“E’ imperdonabile” aver tolto la scorta a Marco Biagi, nonostante non fossero ancora stati identificati e catturati gli assassini di Massimo D’Antona, ucciso tre anni prima. A dirlo, è stata la vedova del giuslavorista ucciso dalle Brigate rosse, Marina Orlandi, alla Cerimonia del Giorno della memoria delle vittime del terrorismo. Orlandi ha aggiunto a braccio questo commento, non presente nel discorso che aveva scritto.

Marina Orlandi ha ricordato come il marito fu “scelto come bersaglio” per il ruolo di Consigliere del Ministro del Lavoro – che all’epoca era Roberto Maroni – e del Presidente della Commissione Europea – che era Romano Prodi – e come membro della Commissione che studiava la riforma del mercato del lavoro. Incarichi che portarono a una “svolta”: “I Servizi lo segnalarono come persona ad alto rischio. Gli venne assegnata una scorta, che sciaguratamente gli fu tolta nel 2001. Era il coordinatore del Libro Bianco, da discutere con le parti sociali, per migliorare il mercato del lavoro. L’accesissimo dibattito aveva reso rovente il clima”.

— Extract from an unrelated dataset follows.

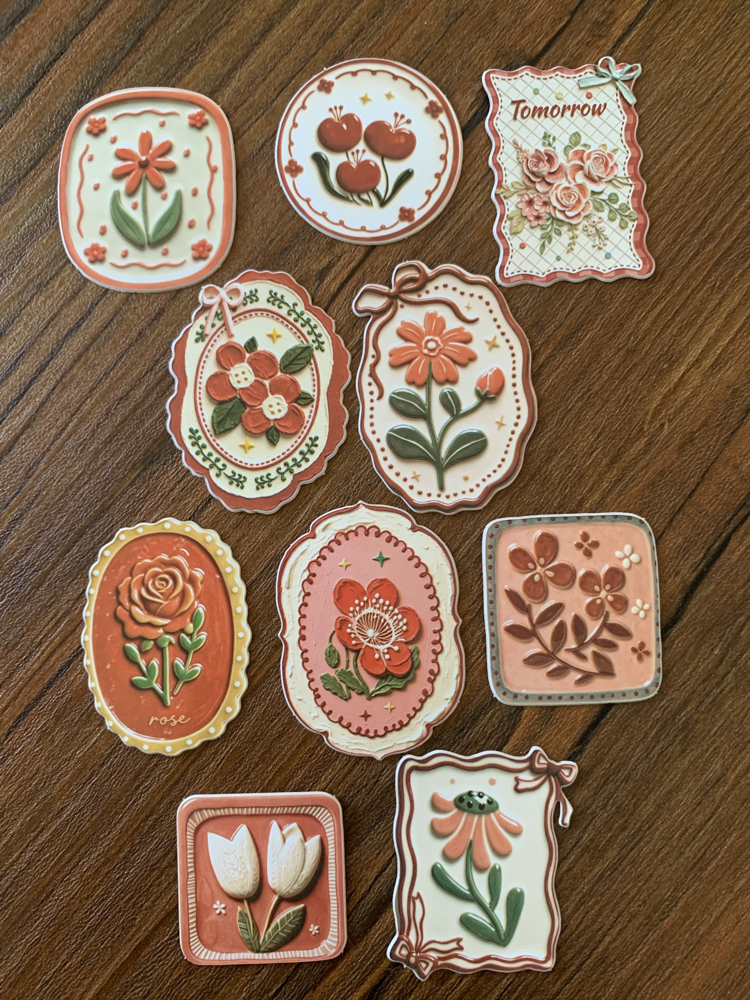 Floral Tags/Red Stickers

Biagi, ha proseguito la vedova, “si riteneva un servitore Stato e non di una parte politica, voleva migliorare con i fatti le condizioni di lavoro dei più deboli e non con il fondamentalismo che anche oggi è una zavorra. Cercava la mediazione e per questo ne è rimasto vittima”. Marina Orlandi ha ricordato che per l’acceso dibattito sul Libro Bianco Biagi “fu isolato anche da parte di alcuni colleghi” e fu vittima di ripetute minacce anonime, tanto da spingerlo a chiedere nuovamente la scorta. “La risposta fu che non esisteva il pericolo delle Br, questa scelta è imperdonabile – ha aggiunto Orlandi abbassando il foglio da cui leggeva l’intervento -, non lo avevo scritto ma è imperdonabile“. Parole che hanno provocato un intenso applauso dei presenti nell’aula della Camera. “La sera prima di essere ucciso – ha quindi raccontato Orlandi – mi disse ‘che cosa devo fare? Fermarmi ora perché sono solo, ora che sono al posto giusto per migliorare le condizioni dei più deboli, ora che posso limitare la vergogna del lavoro nero? Si rispose da solo. La sera dopo rimase riverso sotto il portico, la borsa e gli appunti per terra”.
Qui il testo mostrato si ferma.